11.   PW-3/Ct Kaushal deposed as under:
            "On 05.08.2010, I was posted at SIT, Crime Branch.
            On that day, I joined investigation of the present case
            with SI Sharat Kohli. Raiding party was formed to
            apprehend the suppliers of fake currency notes.
            Raiding party was comprising ASI Harcharan, ASI
            Ajmer, Ct. Atul. Ct. Neeraj, Ct. Suresh, myself, HC
            Kanwar and myself with informer. We all had left in
            two private vehicles at 01:15p.m. from the office of SIT
            and reached at T-point, Rohini, Near CNG Petrol
            Pump, Sector-11 at 01:30 p.m. SI Sharat Kohli was
            leading our raiding party. He had instructed ASI
            Harcharan to become decoy customer and informer
            was directed to remain with him. They were sent with
            the instructions to fix the deal with accused and they
            were deputed near CNG Petrol Pump, Sector-11,




      CRL.A.825/2017,849/2017,816/2017                           Page 8 of 23
       Rohini and remaining members of the raiding party
      took their position there.
      At 2 p.m., from the side of Rithala Metro Station, one
      person came from Rithala Metro Station and stopped
      near decoy customer ASI Harcharan and after
      conversing with them, he left from there on the same
      way from where he had come....... ASI Harcharan was
      given Rs.1,05,000 for the deal and he was instructed to
      reach at the fixed place for deal and to make signal by
      waiving hand on his head. Secret informer was also
      with him at that time.........
      ASI Harcharan was instructed to fix deal for genuine
      Rs.1,05,000/- in exchange of Rs.2,10,000/- fake
      currency notes....At 5:15p.m.,accused Ram Prasad
      present in court, correctly identified, again came on
      same motorcycle No.DL11SA4731 Bajaj, black colour,
      and he had removed his helmet and started conversing
      with ASI Harcharan who was with informer at that
      time..... Accused Ram Prasad was apprehended at
      05:20 PM and after that, informer had left the
      spot.....All the notes in all bundles were apparently
      fake. All the four bundles were kept in transparent
      polythene sheet and with the help of doctor tape,
      pullanda was prepared and it was sealed with seal of
      SK. Seal after use was handed over to ASI Harcharan
      Singh. SI Sharat Kohli prepared rukka.

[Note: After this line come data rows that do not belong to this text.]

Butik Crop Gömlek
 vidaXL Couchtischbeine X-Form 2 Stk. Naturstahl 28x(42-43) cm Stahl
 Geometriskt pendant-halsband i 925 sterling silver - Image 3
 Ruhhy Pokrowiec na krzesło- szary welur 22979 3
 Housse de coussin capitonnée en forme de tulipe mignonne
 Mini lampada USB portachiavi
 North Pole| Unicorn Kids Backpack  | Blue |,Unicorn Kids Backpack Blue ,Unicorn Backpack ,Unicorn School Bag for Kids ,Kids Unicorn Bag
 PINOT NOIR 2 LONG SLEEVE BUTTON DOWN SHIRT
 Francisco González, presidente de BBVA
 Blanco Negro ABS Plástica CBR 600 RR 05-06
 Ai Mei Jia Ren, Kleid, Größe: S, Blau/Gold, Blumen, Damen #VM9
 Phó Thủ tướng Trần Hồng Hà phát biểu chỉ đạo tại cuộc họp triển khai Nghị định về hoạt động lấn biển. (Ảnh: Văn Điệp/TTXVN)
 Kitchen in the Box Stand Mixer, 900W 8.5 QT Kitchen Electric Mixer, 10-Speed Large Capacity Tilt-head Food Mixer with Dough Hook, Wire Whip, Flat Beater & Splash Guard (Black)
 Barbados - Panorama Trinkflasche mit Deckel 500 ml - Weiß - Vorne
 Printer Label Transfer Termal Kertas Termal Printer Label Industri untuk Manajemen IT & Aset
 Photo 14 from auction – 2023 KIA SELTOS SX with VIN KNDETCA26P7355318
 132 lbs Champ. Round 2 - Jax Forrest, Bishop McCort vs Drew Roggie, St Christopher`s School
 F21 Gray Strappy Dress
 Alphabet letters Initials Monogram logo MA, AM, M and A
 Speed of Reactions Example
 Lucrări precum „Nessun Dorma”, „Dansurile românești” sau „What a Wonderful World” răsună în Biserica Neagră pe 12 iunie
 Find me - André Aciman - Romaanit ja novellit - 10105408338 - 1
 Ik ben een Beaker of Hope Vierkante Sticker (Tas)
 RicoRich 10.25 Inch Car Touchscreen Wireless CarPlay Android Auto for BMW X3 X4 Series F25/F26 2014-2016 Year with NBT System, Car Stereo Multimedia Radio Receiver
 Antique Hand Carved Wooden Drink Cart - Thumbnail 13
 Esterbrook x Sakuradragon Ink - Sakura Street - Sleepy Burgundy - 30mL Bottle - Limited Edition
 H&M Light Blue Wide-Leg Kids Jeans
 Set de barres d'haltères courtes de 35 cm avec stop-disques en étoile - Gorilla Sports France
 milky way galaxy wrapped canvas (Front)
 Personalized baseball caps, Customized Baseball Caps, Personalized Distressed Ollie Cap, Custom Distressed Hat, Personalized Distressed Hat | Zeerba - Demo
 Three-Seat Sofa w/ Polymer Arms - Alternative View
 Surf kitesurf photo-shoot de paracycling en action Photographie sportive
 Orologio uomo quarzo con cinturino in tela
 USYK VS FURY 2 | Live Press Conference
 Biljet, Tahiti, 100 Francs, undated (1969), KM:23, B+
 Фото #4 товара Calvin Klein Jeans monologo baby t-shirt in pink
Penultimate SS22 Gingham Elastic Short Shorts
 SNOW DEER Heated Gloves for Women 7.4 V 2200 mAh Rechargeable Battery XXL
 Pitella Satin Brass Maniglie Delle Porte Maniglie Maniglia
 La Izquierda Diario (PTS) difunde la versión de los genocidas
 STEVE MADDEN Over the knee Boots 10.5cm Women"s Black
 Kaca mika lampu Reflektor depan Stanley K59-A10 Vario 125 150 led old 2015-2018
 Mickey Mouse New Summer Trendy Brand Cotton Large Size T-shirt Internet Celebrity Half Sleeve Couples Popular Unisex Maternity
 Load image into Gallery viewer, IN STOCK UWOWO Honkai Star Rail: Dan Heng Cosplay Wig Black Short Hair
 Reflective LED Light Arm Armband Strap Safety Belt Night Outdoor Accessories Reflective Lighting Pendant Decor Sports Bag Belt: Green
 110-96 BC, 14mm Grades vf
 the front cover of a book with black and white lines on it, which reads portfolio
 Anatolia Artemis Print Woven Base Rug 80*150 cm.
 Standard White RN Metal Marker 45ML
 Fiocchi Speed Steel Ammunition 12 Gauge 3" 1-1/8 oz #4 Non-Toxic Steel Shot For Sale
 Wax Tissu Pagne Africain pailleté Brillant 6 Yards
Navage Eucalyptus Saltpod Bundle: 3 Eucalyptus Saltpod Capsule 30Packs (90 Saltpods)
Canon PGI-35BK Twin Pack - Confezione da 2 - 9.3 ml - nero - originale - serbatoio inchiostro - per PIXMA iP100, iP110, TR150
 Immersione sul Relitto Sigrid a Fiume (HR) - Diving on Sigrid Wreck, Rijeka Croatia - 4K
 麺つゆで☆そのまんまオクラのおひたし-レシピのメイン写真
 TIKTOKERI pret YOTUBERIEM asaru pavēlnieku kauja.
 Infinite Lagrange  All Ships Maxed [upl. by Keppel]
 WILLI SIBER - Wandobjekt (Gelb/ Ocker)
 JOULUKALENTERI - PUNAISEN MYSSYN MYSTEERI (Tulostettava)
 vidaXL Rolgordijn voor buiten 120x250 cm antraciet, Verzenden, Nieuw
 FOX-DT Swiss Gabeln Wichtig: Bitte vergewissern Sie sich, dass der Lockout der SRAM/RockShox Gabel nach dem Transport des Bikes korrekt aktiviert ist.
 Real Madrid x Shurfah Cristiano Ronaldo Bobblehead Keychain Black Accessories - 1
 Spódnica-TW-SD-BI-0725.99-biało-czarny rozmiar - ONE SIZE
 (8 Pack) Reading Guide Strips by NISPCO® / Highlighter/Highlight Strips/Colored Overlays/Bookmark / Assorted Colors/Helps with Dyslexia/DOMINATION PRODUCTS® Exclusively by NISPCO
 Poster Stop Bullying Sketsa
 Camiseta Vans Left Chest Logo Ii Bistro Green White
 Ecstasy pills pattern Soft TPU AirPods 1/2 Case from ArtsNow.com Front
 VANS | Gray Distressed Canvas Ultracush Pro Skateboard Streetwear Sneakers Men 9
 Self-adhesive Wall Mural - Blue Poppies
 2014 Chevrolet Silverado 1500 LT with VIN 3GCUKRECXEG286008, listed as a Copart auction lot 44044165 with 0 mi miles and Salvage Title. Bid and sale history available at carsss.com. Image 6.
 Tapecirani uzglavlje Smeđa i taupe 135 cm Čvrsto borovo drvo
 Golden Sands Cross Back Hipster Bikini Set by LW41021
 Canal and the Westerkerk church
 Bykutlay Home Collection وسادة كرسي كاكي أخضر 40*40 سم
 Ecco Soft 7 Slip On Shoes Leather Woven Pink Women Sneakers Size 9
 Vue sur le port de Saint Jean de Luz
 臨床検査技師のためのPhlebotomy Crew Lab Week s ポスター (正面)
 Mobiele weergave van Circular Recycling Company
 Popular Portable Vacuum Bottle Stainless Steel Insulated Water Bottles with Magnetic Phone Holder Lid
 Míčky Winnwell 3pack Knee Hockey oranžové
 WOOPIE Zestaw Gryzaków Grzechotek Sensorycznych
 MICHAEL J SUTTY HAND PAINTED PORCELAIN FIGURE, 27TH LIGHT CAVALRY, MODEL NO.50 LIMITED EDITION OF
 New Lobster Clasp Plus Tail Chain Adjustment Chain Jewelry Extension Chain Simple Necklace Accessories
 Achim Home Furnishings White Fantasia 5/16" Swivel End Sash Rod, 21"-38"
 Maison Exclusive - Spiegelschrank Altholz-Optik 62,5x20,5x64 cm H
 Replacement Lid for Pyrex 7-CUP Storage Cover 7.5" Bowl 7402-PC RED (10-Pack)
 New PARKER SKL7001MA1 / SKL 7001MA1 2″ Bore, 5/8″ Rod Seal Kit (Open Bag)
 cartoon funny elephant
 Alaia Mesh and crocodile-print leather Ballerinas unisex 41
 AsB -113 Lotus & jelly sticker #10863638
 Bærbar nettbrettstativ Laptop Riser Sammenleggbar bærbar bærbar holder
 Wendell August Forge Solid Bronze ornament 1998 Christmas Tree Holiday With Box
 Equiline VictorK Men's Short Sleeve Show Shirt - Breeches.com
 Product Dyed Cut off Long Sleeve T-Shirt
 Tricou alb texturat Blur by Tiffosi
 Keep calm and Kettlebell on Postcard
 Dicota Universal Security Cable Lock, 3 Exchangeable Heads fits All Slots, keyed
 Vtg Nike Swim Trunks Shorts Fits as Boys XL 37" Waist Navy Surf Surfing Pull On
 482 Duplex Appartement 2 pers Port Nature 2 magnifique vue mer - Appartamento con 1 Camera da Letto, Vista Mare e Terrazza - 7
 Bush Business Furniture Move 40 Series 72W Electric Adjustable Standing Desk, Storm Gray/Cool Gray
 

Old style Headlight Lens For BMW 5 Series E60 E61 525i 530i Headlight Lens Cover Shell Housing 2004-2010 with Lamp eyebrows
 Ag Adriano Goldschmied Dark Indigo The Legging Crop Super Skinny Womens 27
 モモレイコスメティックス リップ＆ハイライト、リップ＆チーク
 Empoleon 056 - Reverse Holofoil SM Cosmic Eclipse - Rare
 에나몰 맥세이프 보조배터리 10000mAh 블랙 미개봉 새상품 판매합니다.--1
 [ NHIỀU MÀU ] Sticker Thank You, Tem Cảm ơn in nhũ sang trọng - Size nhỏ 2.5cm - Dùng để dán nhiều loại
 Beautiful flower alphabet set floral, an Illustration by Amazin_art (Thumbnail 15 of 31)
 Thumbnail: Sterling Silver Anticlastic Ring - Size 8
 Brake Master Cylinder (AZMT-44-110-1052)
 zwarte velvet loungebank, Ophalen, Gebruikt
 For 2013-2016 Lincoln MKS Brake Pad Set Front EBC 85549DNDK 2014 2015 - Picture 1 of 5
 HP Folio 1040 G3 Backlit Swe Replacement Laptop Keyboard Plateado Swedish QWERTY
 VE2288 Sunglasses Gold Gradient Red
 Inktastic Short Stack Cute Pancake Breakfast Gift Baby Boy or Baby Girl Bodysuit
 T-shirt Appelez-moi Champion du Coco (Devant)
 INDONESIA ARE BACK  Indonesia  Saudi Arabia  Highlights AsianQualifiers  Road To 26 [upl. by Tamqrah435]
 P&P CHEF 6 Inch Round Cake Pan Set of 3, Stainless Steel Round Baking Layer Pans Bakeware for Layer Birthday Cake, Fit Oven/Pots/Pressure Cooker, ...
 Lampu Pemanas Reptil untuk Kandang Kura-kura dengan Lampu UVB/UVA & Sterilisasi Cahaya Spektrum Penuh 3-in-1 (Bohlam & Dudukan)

Rukka is
      already Ex.PW4/C and handed over to me for being
      taken to PS Crime Branch Nehru Place, for
      registration of FIR. I left the spot at 8:15 PM with the
      rukka and reached at PS Crime Branch at about 9.15
      PM and handed over the rukka to the DO and got the
      FIR No.117/10 registered. I left the PS Crime Branch,
      Nehru Place with the copy of the FIR and reached at
      the office at SIT, crime Branch, sector-18, Rohini at
      about 12 midnight. I handed over copy of FIR and
      rukka to inspt. Rajesh Sharma for the further
      investigation of the case."




CRL.A.825/2017,849/2017,816/2017                         Page 9 of 23
 12.    PW-4/SI Sharad Kohli, deposed on similar lines and further
       stated that:-
              "On 06.08.2010, I had accompanied the raiding team
              to Mathura with accused Ram Prasad. Insp. Rajesh
              was leading the team and all aforesaid raiding party
              members except informer were also wits us. At about
              8.30 A.M., we had made arrival entry at PS Sadar at
              Mathura, U.P......SO, SI Sanjay Kumar Jaiswal of PS
              Sadar was also informed as per disclosure statement
              of accused Ram Prasad that for that day, accused
              Ram Prasad had to take Rs.3 lacs fake currency notes
              from some Vikas Chaudhary between 9-10 A.M. at
              Cant area, Sadar, Mathura. He also joined the raiding
              party. When we were going in the cant area of PS
              Sadar, one person aged about 40 years (He is accused
              in this case and not present today for identification. I
              can identify said accused Vikas Chaudhary). At the
              instance of accused Ram Prasad, accused Vikas
              Chaudhary was apprehended. Insp. Rajesh had taken
              the search of Vikas Chaudhary from the left dub of his
              pant one heavy transparent polythene was found
              recovered.....Total fake currency recovered was
              Rs.2,99,000/-/......Accused Vikas Chaudhary was
              arrested....
              On the same day accused Ram Prasad and Vikas
              Chaudhary were taken on 10-12 days PC remand.
              Supplementary disclosure statement of accused Vikas
              Chaudhary was recorded and next day i.e. on 07-8-10
              accused led the police party to a mandir near red
              Fort, Lajpat Rai Market. There on the road one Swift
              Dzire car No. HR-99FPT3741, colour white was
              parked. Accused, Kripa Shankar, present in court,
              correctly identified was standing near that car and
              was carrying polythene in his left hand. At 3.20 PM
              accused Kripa Shankar was apprehended at the
              instance of accused Vikas Chaudhary. Search of the
              polythene carried by accused Kripa Shankar was



      CRL.A.825/2017,849/2017,816/2017                          Page 10 of 23
              conducted by the IO Inpt. Rajesh and that polythene
             was found containing total Rs.3 lacs fake currency
             notes of Rs.500/- each denomination.................... "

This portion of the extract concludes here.